What is the Reformed stance on this issue or is it a divided issue within Reformed Theology?


----------



## toddpedlar (Aug 7, 2009)

The Author of my Faith said:


> What is the Reformed stance on this issue or is it a divided issue within Reformed Theology?



Can you explain more what you mean by this? Ecclesiology or family dynamics?


----------



## The Author of my Faith (Aug 7, 2009)

toddpedlar said:


> The Author of my Faith said:
> 
> 
> > What is the Reformed stance on this issue or is it a divided issue within Reformed Theology?
> ...



The role of Man and Woman in the church. Leadership Roles.


----------



## toddpedlar (Aug 7, 2009)

The Author of my Faith said:


> toddpedlar said:
> 
> 
> > The Author of my Faith said:
> ...



There must be a hundread threads on this topic, which I think you can find by searching through the archives.

The confessional and reformed stance, as I see it, is very clearly hierarchical (though I do not think that word fits here).
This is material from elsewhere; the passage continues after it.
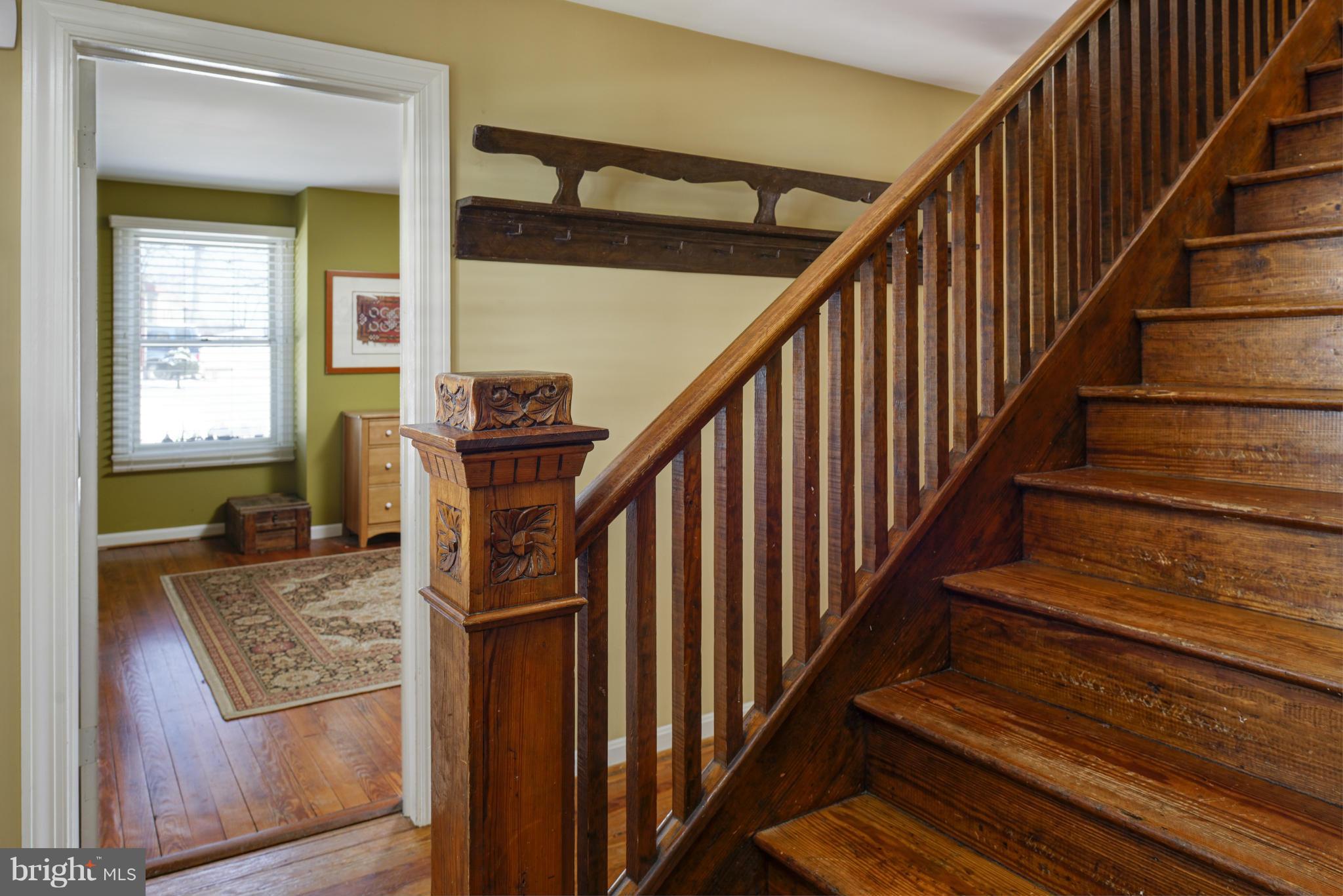 35267 Paxson Road Round Hill, VA 20141 - Photo 5 of 29 ENTRY WITH ORIGINAL STAIRCASE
Complementarian is better: Men and women have different roles in life and in the church. Leadership in the church in terms of pastors, elders and deacons, is exclusively male. Teaching (with the possible exception of young children) is the purview also of men only. This is what the Bible teaches, in my opinion, what the Westminster Standards clearly proclaim, and what most conservative reformed denominations have held to (though the diaconate is slipping).


----------